The oceans will undergo a dramatic turnover in biodiversity even if the UN meets its goal of limiting of global warming to two degrees Celsius (3.6 degrees Fahrenheit), scientists said Monday.
Species that need cooler waters will migrate or become extinct, to be replaced by ones that can survive in warmer seas - with major consequences for fisheries.
"If climate change is not tackled quickly, it will lead to a massive reorganisation of marine biodiversity on a planet-wide scale," said France's National Centre for Scientific Research (CNRS), whose scientists took part in the investigation.
The study, published in the journal Nature Climate Change, first examined biodiversity changes in three eras of Earth's history.
The first was the mid-Pliocene, a warm period which ended about three million years ago.
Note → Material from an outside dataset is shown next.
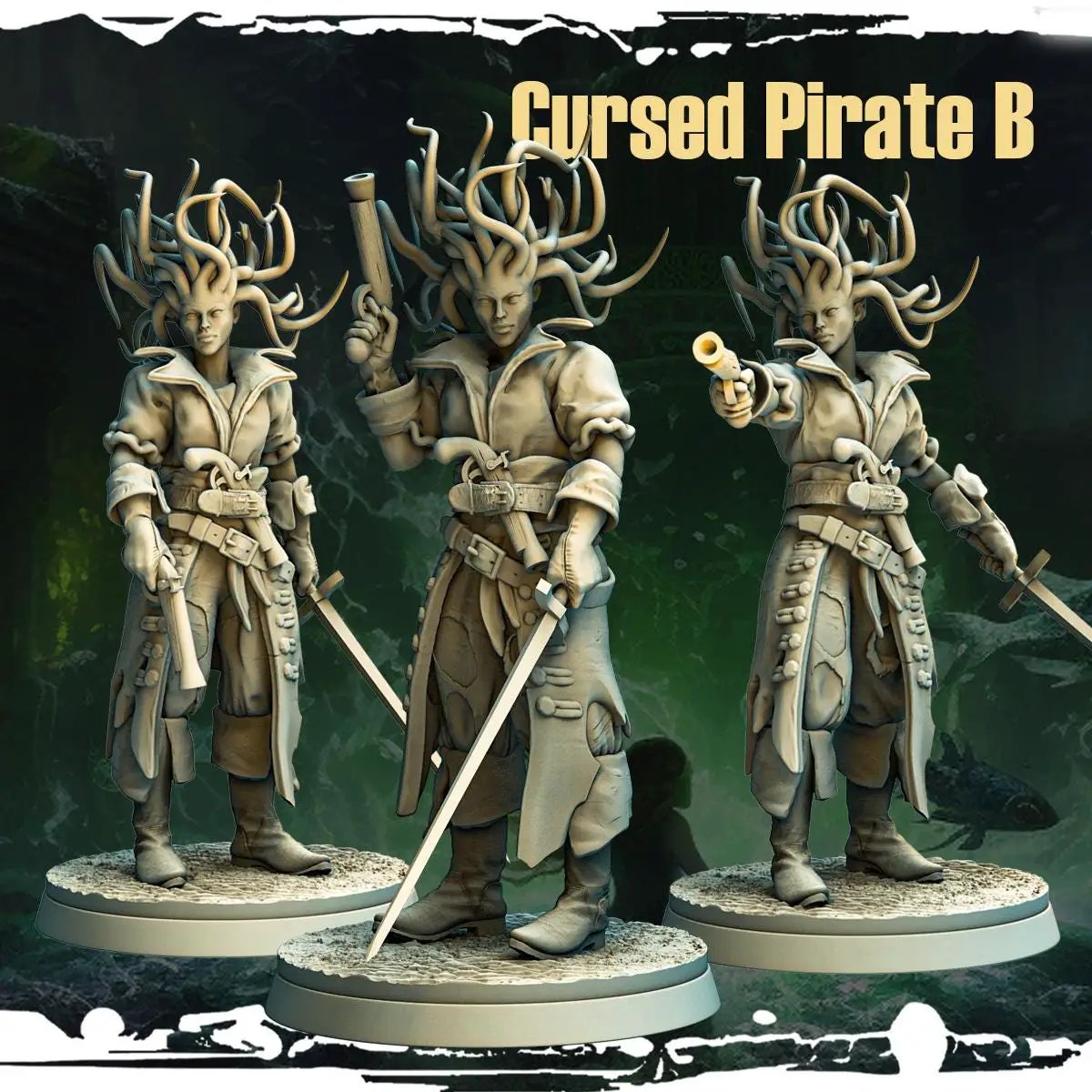 3D printed cursed pirate gorgons miniatures by Last Hope Miniatures, featuring detailed monstrous pirate figures with intricate textures.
The second was a much colder time - the peak of the last Ice Age, also called the Last Glacial Maximum, from about 26,500 to 20,000 years ago.
The third was from 1960 to 2013, when man-made global warming cranked into high gear.
The scientists then compared these patterns to warming projections for 2100, which vary according to greenhouse gas emission levels.
Under the most optimistic forecast, assuming average warming of about 1 C, there would be only minor changes in biodiversity by 2100, the team found.
Severe warming - on current trends, Earth is on track for up to 4.8 C this century alone - would cause the biggest ocean species change in the last three million years.
Worryingly, even if UN members meet the 2 C goal, biodiversity shift by 2100 would be triple that of the last half-century, the team said.
The study, headed by Gregory Beaugrand of the University of Science and Technology in Lille, northern France, focused on species in the upper 200 metres (650 feet) of the ocean, the most valuable part of the ecosystem for humans.
Part of the work is based on theorised species change, as actual knowledge of ocean biodiversity and species behaviour is in many cases limited.
In addition, there are many gaps in understanding how warming will affect a vast, complex body like the ocean.
Even so, the results leave no doubt that the bigger the warming, the greater the biodiversity shift, the scientists said.
The change will be greater in waters that today are cold or temperate - new species will expand into these regions but "this will not compensate global species extinction," the study warned.